Wednesday, January 28, 2004

Horseback Riding in Hollywood

We had a great time on Sunday. The stable is at the north end of a street that dead-ends into the Hollywood Hills. You drive right past the original offices of the Hollywoodland Realty company that put the original Hollywood(land) sign up, and the stable is only a few hundred yards from the sign itself, and most of the way up the mountain. You ride west through a gate, and you're in Griffith Park. After going up a while to the top, you wind down the other side, winding up in Burbank, at the 134 and Forest Lawn Drive. There's the Los Angeles Equestrian Center there, next door to a Mexican Restaurant, so they tied up the horses, and we had lunch. After lunch, it was back on the horses, and another two-hour ride back to the stable. We rode out at 11, and got back at 4.

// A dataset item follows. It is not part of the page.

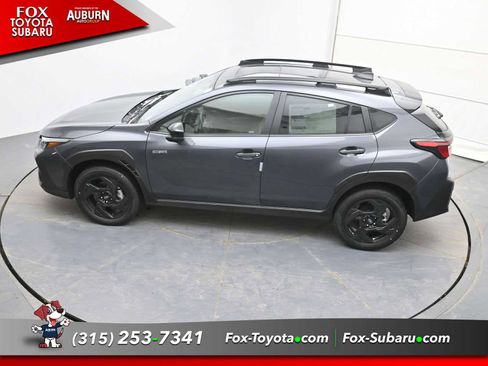 New 2026 Subaru Crosstrek 2.5i Sport w/ Crosstrek Mirror Package image 31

And, yes, I'm really sore. The worst was my bottom, what with the horse insisting on trotting a lot of the time, so I was bouncing on that seat -- and I don't have much padding between the leather and my bones. Especially on the way home, he pretty much insisted on trotting, so I got pretty good at detecting the little half-step that indicated he was about to shift into trot-mode, and pulling him back down into a walk. Too late, though, I guess. My bottom is better now, but my back is still pretty stiff.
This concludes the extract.